Exposure to the dual modality sequences during training should engender imitation of the tones using the vocal folds (i.e., humming) and subsequent tuning of the laryngeal neuromuscular system. This tuning should allow easy discrimination between grammatical and ungrammatical single-modality auditory sequences at the test. Similarly, the dual modality sequences at training should engender tuning of the eye movement system to follow the sequence of spatial locations. This tuning should allow easy discrimination between grammatical and ungrammatical single-modality visual sequences at the test.

Consider, however, the alternating sequences. The alternating grammatical sequences instantiate exactly the same grammar used during training and used during the tests in the single-modality conditions. Thus, the alternating statistical regularities are exactly the same as the single-modality statistical regularities. If those regularities alone are the primary basis of performance, then performance should be the same as in the single-modality case.

On the embodied account, however, the imitation of sequences during training does not produce cross-modality tuning as readily as single-modality tuning. This is because the eye movement system tunes itself to produce sequences of eye movements, and the laryngeal system tunes itself to produce sequences of hummed tones. However, the eye movement system does not tune itself to produce a hummed tone, and vice versa. This is not to say that cross-modal tuning is impossible given the embodied account of statistical learning. Cross-modal tuning likely occurs on a regular basis in natural settings (e.g., the visual stimulus “D-O-G” may tune the speech articulators to produce the sound “dog”); this type of cross-domain mapping may only occur after considerable repetition relative to the sort of single-system tuning described here, which should arise out of biomechanical necessity.

To better understand why cross-modal tuning should not occur here, consider the neuromuscular systems used in imitating an alternating sequence. Starting with a stimulus 1 at a particular visual location, the eye movement system is tuned to move to other locations (for stimulus 2) that form a grammatical sequence. However, stimulus two is a tone. On imitating the tone, the laryngeal system is tuned to produce other tones that conform to stimulus 3, however stimulus 3 is a visual stimulus. Note that we left the eye movement system ready to move to the location of stimulus 2, but instead it must direct the eyes to the location of stimulus 3. This is an unpracticed transition that should be produced with less fluency than a practiced transition. Thus, when imitating the alternating test sequences, grammatical and ungrammatical sequences should be imitated with equal dysfluency, and discrimination performance should drop dramatically.

Materials and Methods

This study was approved by the Arizona State University (ASU) IRB and was conducted in accordance with the approved standards. All participants gave informed consent. The participants were 20 Arizona State University undergraduates recruited from introductory psychology classes who received course credit. Four participants were excluded due to computer errors.

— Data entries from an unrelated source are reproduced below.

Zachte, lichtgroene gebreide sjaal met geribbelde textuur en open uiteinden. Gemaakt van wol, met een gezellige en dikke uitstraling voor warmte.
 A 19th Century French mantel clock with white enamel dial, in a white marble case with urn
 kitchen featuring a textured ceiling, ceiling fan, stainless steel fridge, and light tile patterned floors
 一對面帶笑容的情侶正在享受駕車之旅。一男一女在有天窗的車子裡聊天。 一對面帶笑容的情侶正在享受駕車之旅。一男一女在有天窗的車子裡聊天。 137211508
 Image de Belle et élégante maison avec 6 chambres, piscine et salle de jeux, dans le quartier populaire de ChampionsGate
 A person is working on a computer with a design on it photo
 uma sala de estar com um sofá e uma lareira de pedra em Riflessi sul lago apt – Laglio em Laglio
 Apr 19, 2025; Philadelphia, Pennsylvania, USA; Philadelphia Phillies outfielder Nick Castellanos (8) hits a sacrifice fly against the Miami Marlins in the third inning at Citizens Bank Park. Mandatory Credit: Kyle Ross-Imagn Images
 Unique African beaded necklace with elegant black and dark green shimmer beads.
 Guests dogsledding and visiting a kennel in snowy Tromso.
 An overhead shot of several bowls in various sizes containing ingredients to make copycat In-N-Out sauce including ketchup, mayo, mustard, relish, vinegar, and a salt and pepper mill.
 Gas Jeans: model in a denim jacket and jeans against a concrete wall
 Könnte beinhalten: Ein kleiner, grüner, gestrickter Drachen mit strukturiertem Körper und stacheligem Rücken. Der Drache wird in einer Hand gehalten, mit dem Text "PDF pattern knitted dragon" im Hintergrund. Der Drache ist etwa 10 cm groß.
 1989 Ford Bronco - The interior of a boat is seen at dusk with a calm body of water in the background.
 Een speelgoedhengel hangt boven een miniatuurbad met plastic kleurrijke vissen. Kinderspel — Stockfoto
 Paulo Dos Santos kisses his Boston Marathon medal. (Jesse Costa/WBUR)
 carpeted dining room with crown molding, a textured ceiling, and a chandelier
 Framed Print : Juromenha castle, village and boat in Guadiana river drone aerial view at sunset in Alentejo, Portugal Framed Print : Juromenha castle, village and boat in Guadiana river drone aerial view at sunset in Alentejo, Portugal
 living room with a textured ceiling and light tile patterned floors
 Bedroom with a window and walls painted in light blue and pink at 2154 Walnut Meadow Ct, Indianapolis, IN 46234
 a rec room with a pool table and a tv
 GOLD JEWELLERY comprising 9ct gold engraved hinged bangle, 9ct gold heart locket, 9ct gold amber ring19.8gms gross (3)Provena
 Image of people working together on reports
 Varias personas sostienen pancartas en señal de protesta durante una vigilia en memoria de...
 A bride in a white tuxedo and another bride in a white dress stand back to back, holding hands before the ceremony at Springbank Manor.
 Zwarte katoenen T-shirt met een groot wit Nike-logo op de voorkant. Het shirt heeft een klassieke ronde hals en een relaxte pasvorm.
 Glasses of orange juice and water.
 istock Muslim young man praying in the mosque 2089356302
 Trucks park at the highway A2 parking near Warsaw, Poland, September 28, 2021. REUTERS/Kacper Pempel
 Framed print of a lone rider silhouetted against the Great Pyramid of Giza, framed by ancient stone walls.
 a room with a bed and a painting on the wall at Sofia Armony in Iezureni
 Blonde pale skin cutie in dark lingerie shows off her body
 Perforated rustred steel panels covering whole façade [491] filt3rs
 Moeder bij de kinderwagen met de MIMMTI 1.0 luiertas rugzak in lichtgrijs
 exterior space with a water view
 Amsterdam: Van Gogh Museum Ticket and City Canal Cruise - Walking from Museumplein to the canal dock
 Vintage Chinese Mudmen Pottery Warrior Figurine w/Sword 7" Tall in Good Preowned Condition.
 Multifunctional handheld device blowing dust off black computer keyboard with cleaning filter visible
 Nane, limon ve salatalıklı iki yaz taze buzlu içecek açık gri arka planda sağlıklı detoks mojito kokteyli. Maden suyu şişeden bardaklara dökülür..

Visual stimuli were presented on 15” LCD monitors, and auditory stimuli were presented using headphones. Participants responded using the keyboard.

A modified version of the Gomez and Gerken (1999) grammar was used to create 12 grammatical sequences, ranging from 3 to 6 stimuli in length and composed of the numbers 1–5. Each of the numbers referred to one of five locations on the computer screen (each corner and the middle) at which a small black box was presented. In addition, each number referred to one of five tone frequencies (210, 245, 288, 333, and 385 Hz). The training sequences were constructed so that the box locations and tones were completely redundant with one another. Items within a single sequence were displayed for 250 ms with a 150 ms inter-item interval; a sequence was separated from its mate within the training pair by a 1000 ms.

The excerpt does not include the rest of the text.